WORK REQUEST. Everything in the records below from the line containing "珠珠 手鍊素鏈銀鏈 單只販售" through the line containing "pornhint Pornhint drink" is to be reproduced exactly, those two lines included; no picture is to be copied.

Start of DATASET EXCERPTS

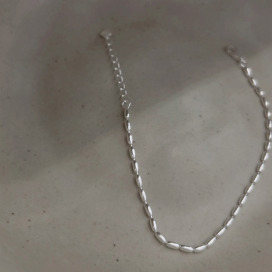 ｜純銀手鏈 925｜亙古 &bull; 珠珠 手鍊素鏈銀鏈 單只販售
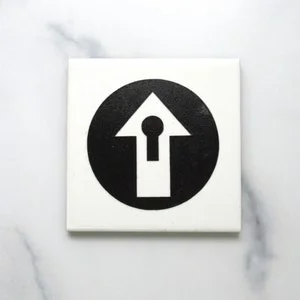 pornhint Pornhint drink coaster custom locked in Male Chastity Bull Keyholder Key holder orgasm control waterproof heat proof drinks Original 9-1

End of DATASET EXCERPTS
Start of DATASET EXCERPTS

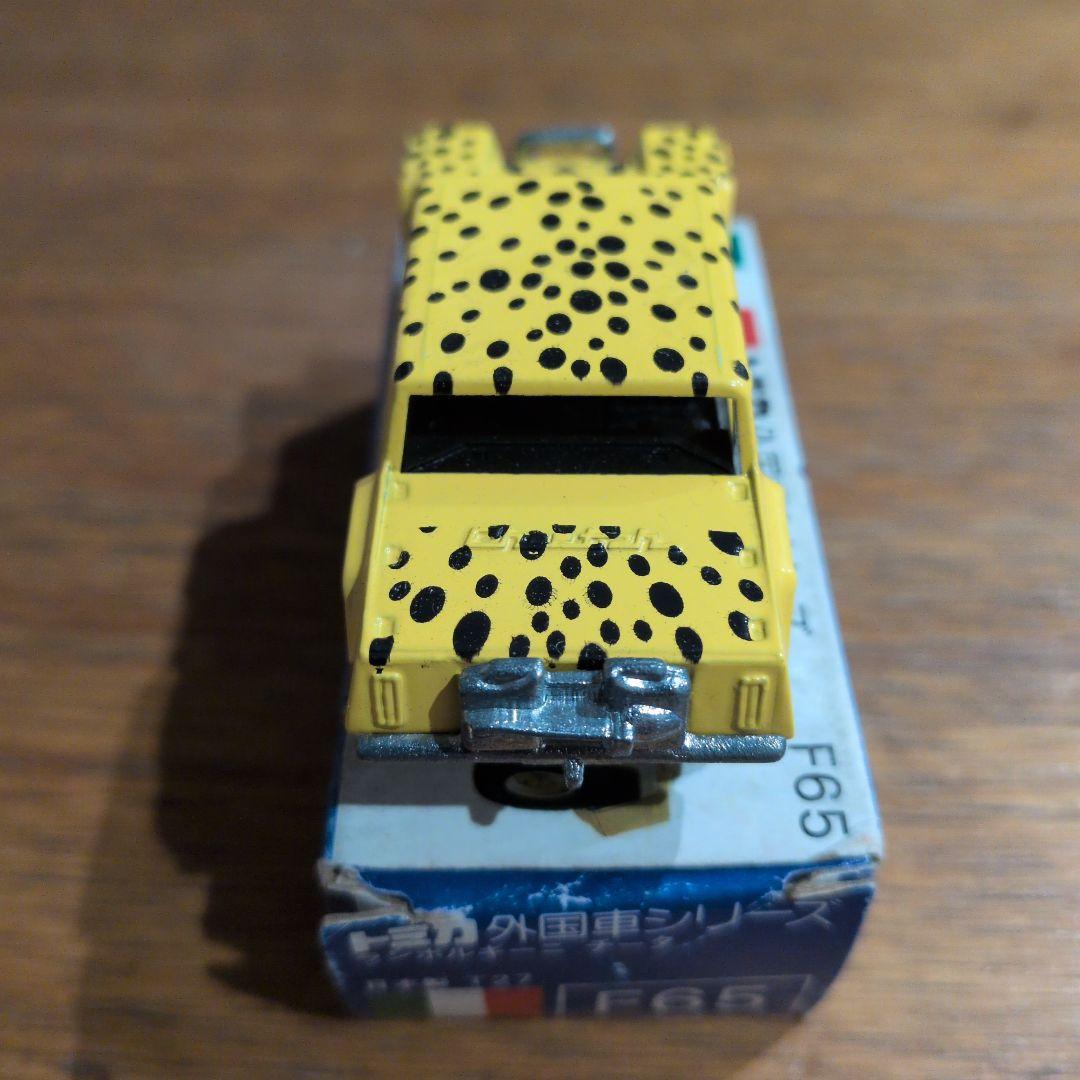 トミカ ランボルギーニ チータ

End of DATASET EXCERPTS
Start of DATASET EXCERPTS

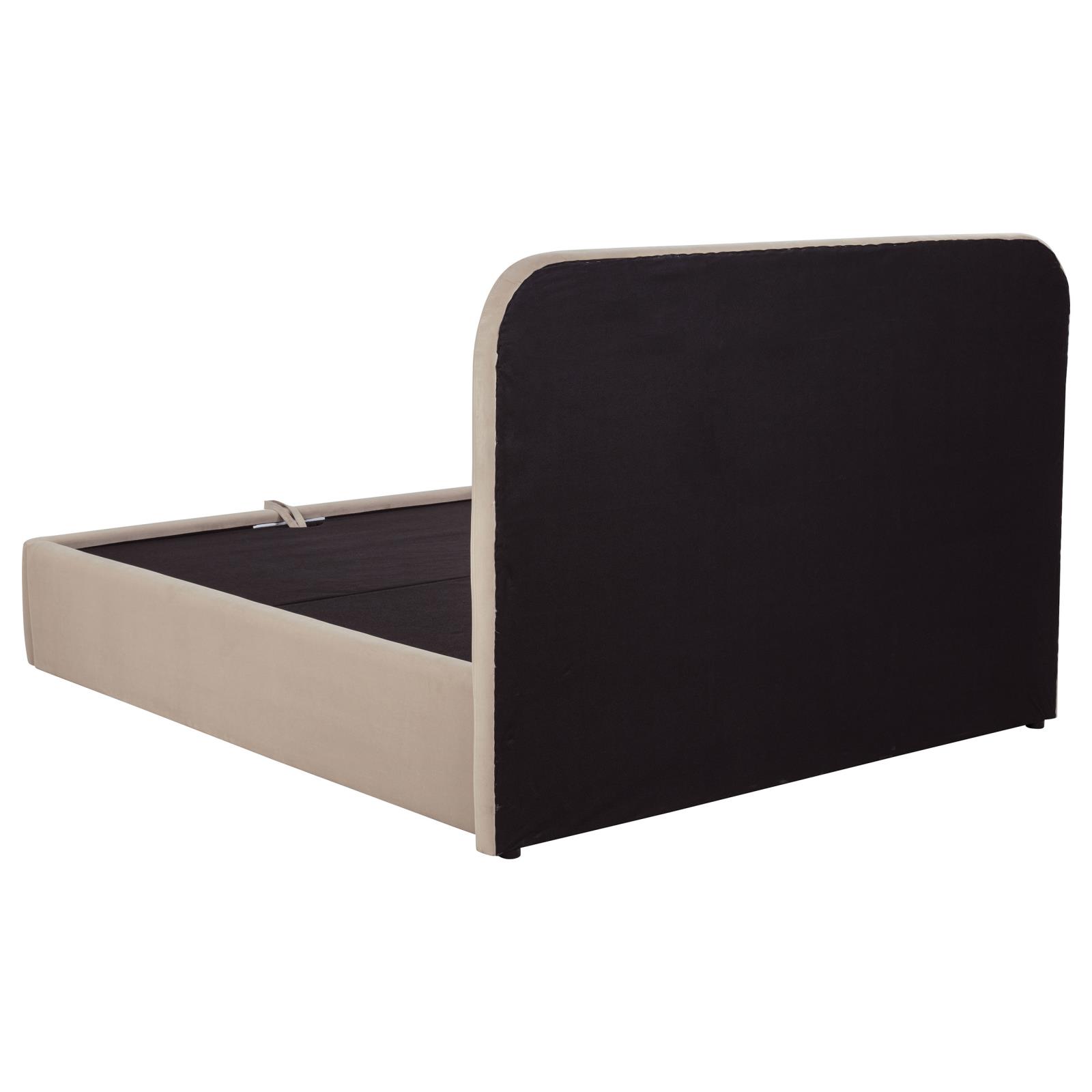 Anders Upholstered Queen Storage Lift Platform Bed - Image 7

End of DATASET EXCERPTS

RESULT BELOW.
 ｜純銀手鏈 925｜亙古 &bull; 珠珠 手鍊素鏈銀鏈 單只販售
 pornhint Pornhint drink coaster custom locked in Male Chastity Bull Keyholder Key holder orgasm control waterproof heat proof drinks Original 9-1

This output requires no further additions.